Royal Mail has warned it will face a further £120 million in costs as a result of the upcoming increase in employers’ national insurance contributions announced in the recent Budget.
The heavily loss-making postal company stated that the increase will have a disproportionate impact on its operations due to its large workforce of approximately 130,000 employees.
The company, which is part of International Distribution Services (IDS), also announced it would write down the value of Royal Mail by £134 million to £1.91 billion to reflect the increased tax burden. This comes at a time when retailers and the hospitality industry are already expressing serious concerns about the impact of higher taxes on businesses.
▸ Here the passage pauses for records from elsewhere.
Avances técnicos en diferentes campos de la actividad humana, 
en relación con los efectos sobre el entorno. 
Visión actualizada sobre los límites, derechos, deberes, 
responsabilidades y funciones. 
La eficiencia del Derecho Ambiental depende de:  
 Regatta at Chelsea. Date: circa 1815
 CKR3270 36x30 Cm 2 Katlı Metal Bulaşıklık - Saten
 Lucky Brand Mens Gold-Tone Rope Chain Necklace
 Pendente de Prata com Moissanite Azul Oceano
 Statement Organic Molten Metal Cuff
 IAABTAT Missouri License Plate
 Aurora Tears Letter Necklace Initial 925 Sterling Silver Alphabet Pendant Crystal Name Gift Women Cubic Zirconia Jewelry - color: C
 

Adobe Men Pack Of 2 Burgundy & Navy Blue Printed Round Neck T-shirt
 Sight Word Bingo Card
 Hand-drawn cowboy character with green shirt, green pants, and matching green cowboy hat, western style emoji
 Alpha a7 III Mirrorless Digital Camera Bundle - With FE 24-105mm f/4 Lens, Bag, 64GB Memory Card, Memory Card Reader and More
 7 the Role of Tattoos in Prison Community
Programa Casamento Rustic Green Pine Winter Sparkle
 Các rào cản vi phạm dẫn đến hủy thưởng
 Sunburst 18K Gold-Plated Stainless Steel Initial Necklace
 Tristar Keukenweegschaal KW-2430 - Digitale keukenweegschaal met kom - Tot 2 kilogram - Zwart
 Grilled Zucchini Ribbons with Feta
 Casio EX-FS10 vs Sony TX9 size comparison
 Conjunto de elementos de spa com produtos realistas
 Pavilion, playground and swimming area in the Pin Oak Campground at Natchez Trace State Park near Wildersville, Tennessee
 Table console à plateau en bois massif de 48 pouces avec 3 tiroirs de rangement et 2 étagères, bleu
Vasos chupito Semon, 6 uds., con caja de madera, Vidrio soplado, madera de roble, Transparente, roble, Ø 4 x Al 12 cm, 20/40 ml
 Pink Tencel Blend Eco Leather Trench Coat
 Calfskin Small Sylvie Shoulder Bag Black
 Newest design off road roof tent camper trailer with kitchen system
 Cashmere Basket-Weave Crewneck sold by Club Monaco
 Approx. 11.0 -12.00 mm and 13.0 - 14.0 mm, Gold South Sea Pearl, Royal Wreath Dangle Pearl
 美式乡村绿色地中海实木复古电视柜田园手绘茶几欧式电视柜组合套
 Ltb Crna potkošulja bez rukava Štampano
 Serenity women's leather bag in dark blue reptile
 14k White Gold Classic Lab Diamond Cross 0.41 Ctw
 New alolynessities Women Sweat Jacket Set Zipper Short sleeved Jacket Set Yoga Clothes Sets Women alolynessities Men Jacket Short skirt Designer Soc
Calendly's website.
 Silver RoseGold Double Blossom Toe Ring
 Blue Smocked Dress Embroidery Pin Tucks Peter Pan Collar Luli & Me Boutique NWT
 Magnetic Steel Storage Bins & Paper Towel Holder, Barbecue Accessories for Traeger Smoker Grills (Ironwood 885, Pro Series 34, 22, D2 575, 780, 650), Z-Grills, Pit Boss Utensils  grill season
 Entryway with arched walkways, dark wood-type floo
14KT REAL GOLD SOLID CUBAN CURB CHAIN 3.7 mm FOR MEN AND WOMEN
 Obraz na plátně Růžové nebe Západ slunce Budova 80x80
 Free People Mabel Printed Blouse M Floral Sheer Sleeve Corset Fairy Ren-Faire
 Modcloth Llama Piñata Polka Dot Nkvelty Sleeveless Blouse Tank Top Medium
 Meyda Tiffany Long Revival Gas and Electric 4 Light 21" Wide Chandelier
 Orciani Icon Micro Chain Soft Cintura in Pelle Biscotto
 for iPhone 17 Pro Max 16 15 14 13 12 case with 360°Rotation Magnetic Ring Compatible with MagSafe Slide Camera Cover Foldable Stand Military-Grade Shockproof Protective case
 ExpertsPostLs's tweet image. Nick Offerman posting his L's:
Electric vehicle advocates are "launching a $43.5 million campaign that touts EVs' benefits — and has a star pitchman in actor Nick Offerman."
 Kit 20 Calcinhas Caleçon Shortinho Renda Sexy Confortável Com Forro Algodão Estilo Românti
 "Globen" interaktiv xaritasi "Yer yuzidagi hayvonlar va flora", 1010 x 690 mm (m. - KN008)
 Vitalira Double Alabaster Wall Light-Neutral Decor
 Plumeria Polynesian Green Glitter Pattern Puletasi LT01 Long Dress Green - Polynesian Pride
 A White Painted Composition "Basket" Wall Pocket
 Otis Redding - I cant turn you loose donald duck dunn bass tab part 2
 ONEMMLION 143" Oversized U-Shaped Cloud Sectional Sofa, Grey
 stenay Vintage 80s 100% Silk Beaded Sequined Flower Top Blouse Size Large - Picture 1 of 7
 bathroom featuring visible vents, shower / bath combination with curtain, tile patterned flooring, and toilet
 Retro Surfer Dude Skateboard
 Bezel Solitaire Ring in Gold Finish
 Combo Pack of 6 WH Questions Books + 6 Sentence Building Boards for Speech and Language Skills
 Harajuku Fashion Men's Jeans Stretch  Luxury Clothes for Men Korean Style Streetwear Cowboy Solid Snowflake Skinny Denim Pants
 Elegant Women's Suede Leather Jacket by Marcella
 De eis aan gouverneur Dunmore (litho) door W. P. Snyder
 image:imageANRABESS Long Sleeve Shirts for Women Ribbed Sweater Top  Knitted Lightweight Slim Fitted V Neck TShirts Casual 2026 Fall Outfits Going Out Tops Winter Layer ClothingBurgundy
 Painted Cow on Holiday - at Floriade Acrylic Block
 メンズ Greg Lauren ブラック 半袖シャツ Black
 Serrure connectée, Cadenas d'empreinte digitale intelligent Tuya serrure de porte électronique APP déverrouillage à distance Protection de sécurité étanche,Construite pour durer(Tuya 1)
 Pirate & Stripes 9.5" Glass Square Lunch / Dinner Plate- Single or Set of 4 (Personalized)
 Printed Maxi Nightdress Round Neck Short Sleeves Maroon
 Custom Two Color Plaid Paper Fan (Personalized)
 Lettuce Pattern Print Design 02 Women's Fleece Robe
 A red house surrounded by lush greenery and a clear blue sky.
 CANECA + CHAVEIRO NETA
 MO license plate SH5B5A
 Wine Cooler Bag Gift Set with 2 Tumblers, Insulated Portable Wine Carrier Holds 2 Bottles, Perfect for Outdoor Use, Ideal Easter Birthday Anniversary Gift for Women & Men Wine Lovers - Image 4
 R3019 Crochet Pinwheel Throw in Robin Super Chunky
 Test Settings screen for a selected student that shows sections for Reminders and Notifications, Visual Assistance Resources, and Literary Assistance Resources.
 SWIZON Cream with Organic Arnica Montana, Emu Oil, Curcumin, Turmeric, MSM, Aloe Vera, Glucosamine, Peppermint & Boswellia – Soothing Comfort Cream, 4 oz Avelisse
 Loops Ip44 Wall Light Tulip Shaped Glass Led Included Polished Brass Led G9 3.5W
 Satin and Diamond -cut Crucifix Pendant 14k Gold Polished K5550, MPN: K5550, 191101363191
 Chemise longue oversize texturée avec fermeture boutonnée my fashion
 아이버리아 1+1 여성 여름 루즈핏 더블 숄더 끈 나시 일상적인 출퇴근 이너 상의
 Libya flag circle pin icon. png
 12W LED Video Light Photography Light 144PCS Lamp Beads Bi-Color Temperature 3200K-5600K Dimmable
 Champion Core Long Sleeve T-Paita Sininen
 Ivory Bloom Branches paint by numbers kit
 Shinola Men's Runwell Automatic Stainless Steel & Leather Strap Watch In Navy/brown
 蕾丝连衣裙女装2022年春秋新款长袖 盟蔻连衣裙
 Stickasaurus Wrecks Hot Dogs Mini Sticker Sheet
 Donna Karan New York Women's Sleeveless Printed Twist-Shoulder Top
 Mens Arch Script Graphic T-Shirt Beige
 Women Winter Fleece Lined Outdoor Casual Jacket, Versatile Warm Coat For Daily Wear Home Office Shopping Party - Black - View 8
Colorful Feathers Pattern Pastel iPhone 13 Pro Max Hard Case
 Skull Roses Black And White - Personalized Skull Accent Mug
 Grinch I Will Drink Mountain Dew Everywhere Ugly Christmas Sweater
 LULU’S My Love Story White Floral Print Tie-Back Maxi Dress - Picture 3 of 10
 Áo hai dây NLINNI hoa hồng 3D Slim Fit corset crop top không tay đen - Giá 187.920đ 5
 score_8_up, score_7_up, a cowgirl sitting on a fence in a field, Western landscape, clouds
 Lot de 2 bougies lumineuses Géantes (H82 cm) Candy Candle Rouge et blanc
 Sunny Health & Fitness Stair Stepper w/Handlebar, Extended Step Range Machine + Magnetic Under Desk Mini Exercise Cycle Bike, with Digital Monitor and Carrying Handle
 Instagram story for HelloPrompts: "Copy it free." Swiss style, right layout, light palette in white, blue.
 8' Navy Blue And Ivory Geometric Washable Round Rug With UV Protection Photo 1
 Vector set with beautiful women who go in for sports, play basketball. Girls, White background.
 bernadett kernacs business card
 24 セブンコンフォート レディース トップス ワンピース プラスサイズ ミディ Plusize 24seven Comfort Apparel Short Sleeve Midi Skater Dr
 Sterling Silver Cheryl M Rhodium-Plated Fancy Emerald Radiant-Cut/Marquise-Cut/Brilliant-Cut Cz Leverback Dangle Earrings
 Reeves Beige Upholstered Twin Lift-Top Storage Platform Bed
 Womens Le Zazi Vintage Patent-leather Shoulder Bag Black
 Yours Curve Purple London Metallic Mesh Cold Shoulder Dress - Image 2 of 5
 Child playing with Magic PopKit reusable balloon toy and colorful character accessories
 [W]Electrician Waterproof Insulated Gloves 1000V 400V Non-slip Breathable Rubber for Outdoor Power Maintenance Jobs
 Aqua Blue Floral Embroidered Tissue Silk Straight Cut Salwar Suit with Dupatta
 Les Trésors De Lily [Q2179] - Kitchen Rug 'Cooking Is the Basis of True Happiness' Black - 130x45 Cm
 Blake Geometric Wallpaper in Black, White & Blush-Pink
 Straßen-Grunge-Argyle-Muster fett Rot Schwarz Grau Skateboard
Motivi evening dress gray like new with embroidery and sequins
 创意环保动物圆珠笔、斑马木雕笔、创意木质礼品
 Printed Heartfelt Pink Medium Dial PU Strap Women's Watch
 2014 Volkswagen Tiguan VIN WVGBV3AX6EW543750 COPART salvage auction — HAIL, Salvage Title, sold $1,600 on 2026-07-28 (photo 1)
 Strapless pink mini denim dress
Royal Mail and IDS are currently in a state of limbo. The board has agreed to a £3.6 billion takeover by entities controlled by Daniel Křetínský, a Czech energy magnate with significant stakes in PostNL, Sainsbury’s and West Ham United Football Club. However, the Labor government has called for a review of the takeover in “national interest”. The government has said it will only approve the deal if Křetínský “maintains a comprehensive universal service” and gives employees “a stronger voice in the governance and strategic direction of the company.”
For the six months ending September, Royal Mail reported a loss of £138m, an improvement on the £383m loss in the same period last year. This is despite an 11% increase in sales to £3.92 billion, boosted by increased postal activity around the July general election.
Its international courier division, General Logistics Systems (GLS), traditionally seen as the strongest part of the group, reported a 4% increase in turnover to £2.43 billion, but saw profits fall 20% to £112 million, citing “macroeconomic pressure” in key markets such as Germany and Italy.
The company forecasts that Royal Mail will return to profitability for the full year ending in March, excluding costs associated with the ongoing redundancy programme. However, it warned that the “tax and regulatory backdrop increases costs and inflexibility for the company.” Royal Mail reiterated its call for government reforms to the universal service obligation, which currently requires it to deliver letters across the UK six days a week at a uniform price.
In last month’s Budget, Chancellor Rachel Reeves announced plans to raise around £20 billion a year by increasing employers’ National Insurance contributions from 13.8% to 15% from April. The threshold at which employers start paying the higher rate will also be reduced from £9,100 to £5,000, bringing more part-time workers into scope.
Despite the challenges, Martin Seidenberg, CEO of IDS, assured customers that Royal Mail is prepared for the busy Christmas period. “As we enter our busiest period, we are well prepared for Christmas deliveries, with around 4,000 new vehicles delivered before peak, 16,000 additional people, extended delivery times until 8pm and our growing network of parcel lockers and parcel shops,” said he. .
Seidenberg emphasized the company’s commitment to controlling what it can do, but expressed concern about rising costs. “We are realizing the changes we can control, but the cost environment is deteriorating just when we need to invest. As a major employer with approximately 130,000 permanent employees, the changes to National Insurance will have a disproportionate impact on our business compared to the competition. This makes universal service reform even more urgent,” he added.